Tüm bu durumlar göz önüne alındığında hem doğanın dengesi hem de sürdürülebilir bir yaşam için yenilenebilir enerji kaynaklarından enerji üretimi artırılmalı ve kullanımı daha geniş alanlara yayılmalı. Yenilenebilir enerji kaynakları genel olarak solar paneller kullanıp güneş enerjisinden yararlanma, hidrotermal enerji, rüzgar enerjisi için rüzgar güllerini kullanmak, gelgit (dalga) enerjisi şeklinde söylenebilir. Genel itibariyle bu kaynakların tamamından elektrik enerjisi üretilebilir. Ayrıca hidotermal enerji ve güneş panelleri ısı enerjisi için kullanılır. Tüm bu elde edilen enerji türleri birbirine dönüştürülebilir. Bu yüzden enerji kullanım alanları insan yaşamının her anını kapsar; elektronik cihaz kullanımı, aydınlanma, ısınma, her türlü makina kullanımı vs. En önemli özellikleri ise, daha önce vurgulandığı gibi, yenilenebilir olmaları. Petrol gibi ya da doğal gaz gibi belli bir noktadan sonra bitmeyecekler. Doğru tekniklerle sürekli kullanılabilir ve hayata kolayca entegre edilebilir olacaklar. Ayrıca çevreye olumsuz etkileri yok ya da kullanılan ekipmanlar dolayısıyla minimum düzeyde.

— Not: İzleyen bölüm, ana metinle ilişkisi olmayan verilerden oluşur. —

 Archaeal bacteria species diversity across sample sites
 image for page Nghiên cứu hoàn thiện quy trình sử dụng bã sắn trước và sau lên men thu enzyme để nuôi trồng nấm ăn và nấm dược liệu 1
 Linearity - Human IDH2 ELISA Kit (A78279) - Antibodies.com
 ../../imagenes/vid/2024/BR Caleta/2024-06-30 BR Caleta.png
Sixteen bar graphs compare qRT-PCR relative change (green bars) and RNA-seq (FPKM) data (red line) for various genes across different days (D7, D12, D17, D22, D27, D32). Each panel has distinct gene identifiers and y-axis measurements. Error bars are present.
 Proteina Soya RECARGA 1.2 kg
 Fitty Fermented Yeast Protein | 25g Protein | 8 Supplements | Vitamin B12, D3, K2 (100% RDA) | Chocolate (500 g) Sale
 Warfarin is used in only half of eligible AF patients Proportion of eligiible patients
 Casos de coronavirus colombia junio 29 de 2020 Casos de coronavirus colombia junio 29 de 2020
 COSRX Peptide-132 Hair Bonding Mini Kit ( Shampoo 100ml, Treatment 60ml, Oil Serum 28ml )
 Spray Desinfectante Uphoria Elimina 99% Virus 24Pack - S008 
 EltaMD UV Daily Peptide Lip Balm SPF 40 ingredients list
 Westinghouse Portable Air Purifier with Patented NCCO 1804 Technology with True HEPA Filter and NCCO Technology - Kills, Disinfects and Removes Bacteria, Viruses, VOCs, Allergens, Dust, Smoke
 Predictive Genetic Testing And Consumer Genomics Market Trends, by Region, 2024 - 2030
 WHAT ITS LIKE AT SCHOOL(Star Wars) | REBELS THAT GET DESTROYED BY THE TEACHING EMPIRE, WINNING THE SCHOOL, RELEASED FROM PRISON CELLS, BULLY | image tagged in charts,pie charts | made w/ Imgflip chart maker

Yenilenebilir Enerji Üretiminin Dezavantajları
Güzelliklerinin yanı sıra bu çevre dostu, sürekli ve minimum zararlı enerji üretiminin dezavantajları var. Örneğin, rüzgar enerjisi için Hollanda gibi rüzgarı şiddetli bölgeler olmalı en yüksek verimi elde edebilmek adına. Benzer şekilde gelgit enerjisi üretimi okyanuslarda ya da okyanus yakınında gel-git olaylarının fazla yaşandığı Kanada, İngiltere gibi ülkelerde verimliyken iç denizlere kıyısı olan ülkelerde maliyeti üretimden fazla. Yine hidrotermal enerji için sıcak su kaynaklarının yoğun olduğu bölgelere sahip olunmalı. Her ülkede bu enerji kaynakları bir şekilde kullanılabilir ama verim maliyeti karşılar mı noktasında en yüksek verimi nasıl alırız konusuna bakılması zorunluluğu var. Bu açıdan düşünülünce her bölgenin kullanabileceği kaynak sınırlanmış oluyor.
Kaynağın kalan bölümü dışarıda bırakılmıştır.